Además de las sanciones impuestas a Teherán y a los países que insistan en mantener transacciones comerciales y empresariales con los iraníes, Washington está que se muere para encontrar un pretexto que justifique una demostración de fuerza militar contra el país persa, a ejemplo de lo que se ha hecho en repetidas ocasiones en Siria.
Una serie de misteriosos ataques a buques petroleros parece ser una parte del itinerario. Cuatro petroleros de banderas noruega, saudita y de los Emiratos Árabes Unidos fueron el blanco de explosiones provocadas por dispositivos no identificados a lo largo del puerto de Fujahirá, en los emiratos, el pasado 12 de mayo. Las investigaciones subsecuentes no señalan responsables, pero los tres países presentaron una queja ante Naciones Unidas en la que afirman que los ataques fueron “sofisticados y coordinados” y, probablemente, perpetrados por un “actor estatal”. Las autoridades estadounidenses, como el secretario de Estado y el archí belicista consejero de Seguridad Nacional, John Bolton, no dudaron en señalar con el dedo a Irán.
El 5 de junio, un gran incendio se desató en el puerto iraní de Shahid Rajaee, la mayor plataforma de trasbordo de contenedores del país, y provocó grandes daños y la muerte de un funcionario de equipos de seguridad.
Al día siguiente, seis navíos pequeños de carga iraníes se incendiaron en dos puertos de la provincia de Beshehr, cuatro de los cuales quedaron totalmente destruidos.
El 13 de junio le correspondió a un petrolero noruego y a otro japonés, provenientes los dos de los Emiratos, ser el blanco de los ataques en el golfo de Omán, y sufrir daños que obligaron a sus tripulaciones a abandonarlos (los incendios de ambos fueron apagados y los dos fueron remolcados posteriormente). En esta ocasión, Estados Unidos acusaron formalmente a Irán de haberlos atacado con minas magnéticas, aunque los daños en los cascos de los navíos hayan sido por encima de la línea de flotación y de que el presidente de la empresa japonesa, Kokuka Sangyo, haya dicho que su navío fue atacado por “objetos voladores” (probablemente drones), y no por minas o torpedos.

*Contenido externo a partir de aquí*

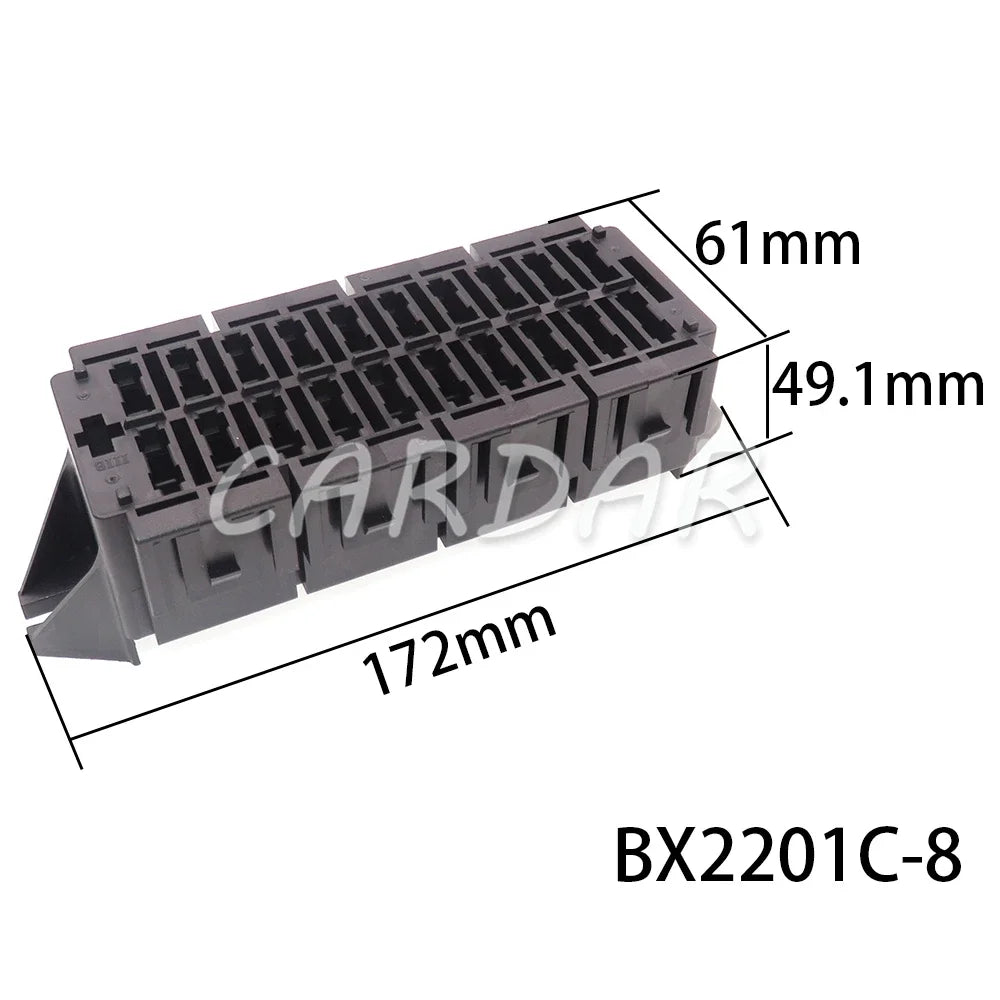 6/14/20 Way Standard Car Fuse Holder Box Blade Fuse Block Automotive Multi-circuit Assembly Control Box with Terminals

De forma intrigante, los ataques ocurrieron durante la visita de Estado del Primer ministro del Japón, Shinzo Abe, a Teherán, la primera de un jefe de gobierno japonés en más de 40 años, y luego de que Mike Pompeo había afirmado la disposición del gobierno estadounidense de dialogar con los iraníes.

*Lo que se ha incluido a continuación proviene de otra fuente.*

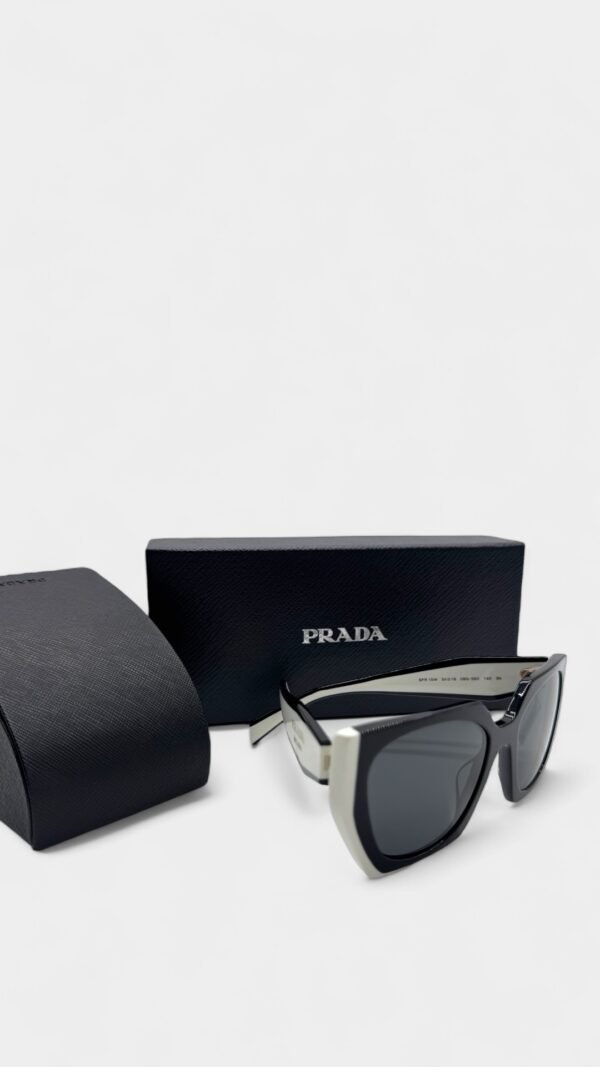 PRADA - RECTANGLE SUNGLASSES BICOLOR - Image 2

No obstante que Irán haya tenido motivos y medios para efectuar tales ataques, es extremadamente improbable que Teherán haya actuado de manera tan burda, en especial, atacando un navío japonés durante la visita de Abe. Y, debido a los vínculos peculiares entre gobierno e iniciativa privada del Japón, el hecho de que el presidente de la empresa japonesa haya desmentido las afirmaciones estadounidenses es un sutil indicio de que el gobierno japonés tampoco las endosó.

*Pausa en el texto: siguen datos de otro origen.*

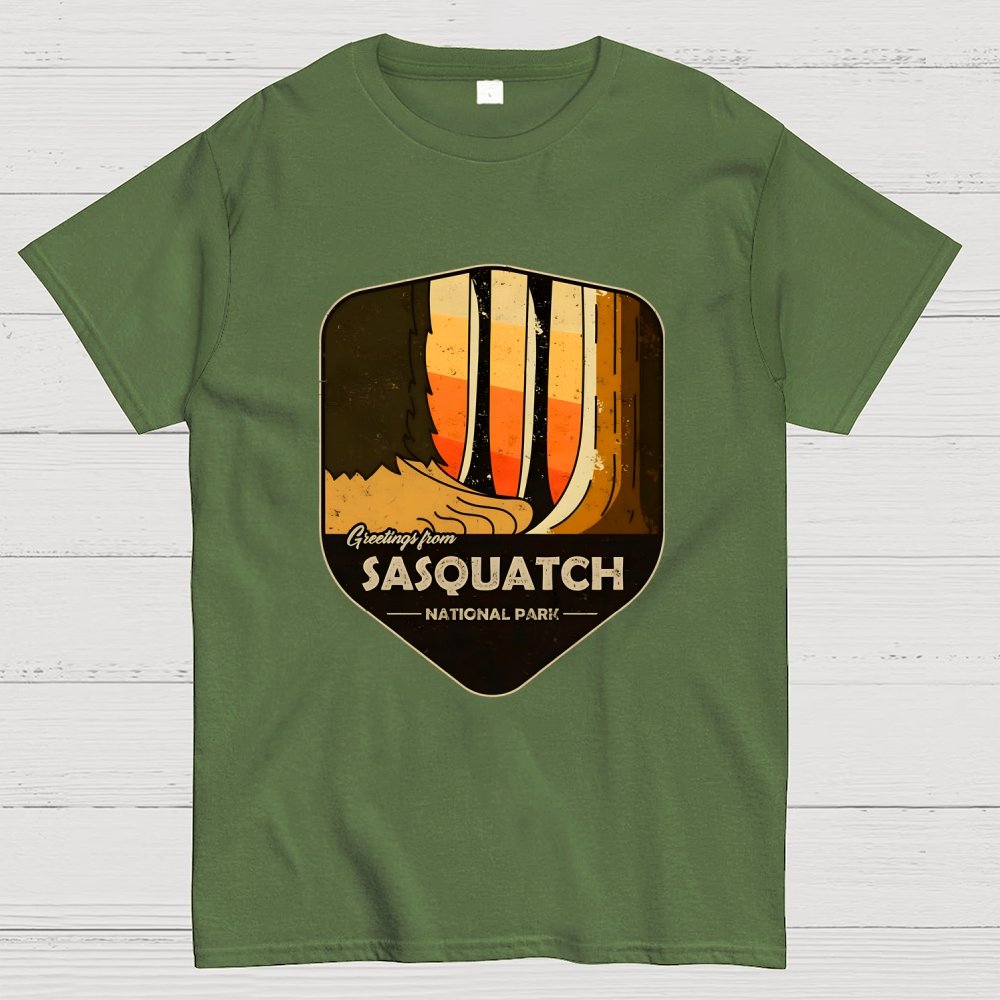Big Foot Souvenirs Geek T-Shirt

Una semana después, el 20 de junio, un incidente más grave en potencia fue el derribo de un dron de la Marina estadounidense por Irán, quien afirma que la aeronave estadounidense violó su espacio aéreo: Washington afirma que la misma se encontraba en aguas internacionales. Trump amenazó de inmediato con una respuesta militar, cuyas consecuencias serían imprevisibles. En Moscú, el presidente Vladimir Putin afirmó que un acto militar “sería una catástrofe para la región, por lo menos.”
Súmese ahora a esto el que el 27 de junio Irán superará el límite de 300 kilogramos de uranio enriquecido establecido en el acuerdo atómico de 2015, lo que podría desatar nuevas acusaciones de Washington. No obstante, la “violación” no es culpa de los iraníes, sino de las sanciones estadounidenses que impiden la exportación del material fisil iraní a terceros países. Es decir, Irán no puede exportar su uranio, pero se le podrá acusar de violar los términos del acuerdo.